• _Task statement_
In the listing that follows, locate the line containing "OceAura Collagen Firming" and the line containing "Baby Toddler Boy". Retype exactly those two lines and every line between them, and nothing more.

• _Exercise data_
....

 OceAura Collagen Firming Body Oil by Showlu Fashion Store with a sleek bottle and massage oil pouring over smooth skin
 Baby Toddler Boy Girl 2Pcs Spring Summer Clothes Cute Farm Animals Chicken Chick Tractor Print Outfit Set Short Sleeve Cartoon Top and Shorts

....

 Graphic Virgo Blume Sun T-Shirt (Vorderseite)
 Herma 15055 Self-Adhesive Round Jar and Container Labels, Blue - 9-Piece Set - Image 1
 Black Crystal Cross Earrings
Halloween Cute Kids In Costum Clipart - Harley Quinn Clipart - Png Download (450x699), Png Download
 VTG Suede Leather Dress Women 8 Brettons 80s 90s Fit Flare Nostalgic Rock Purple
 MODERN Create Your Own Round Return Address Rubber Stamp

....

• _Exercise solution_
 OceAura Collagen Firming Body Oil by Showlu Fashion Store with a sleek bottle and massage oil pouring over smooth skin
 Baby Toddler Boy Girl 2Pcs Spring Summer Clothes Cute Farm Animals Chicken Chick Tractor Print Outfit Set Short Sleeve Cartoon Top and Shorts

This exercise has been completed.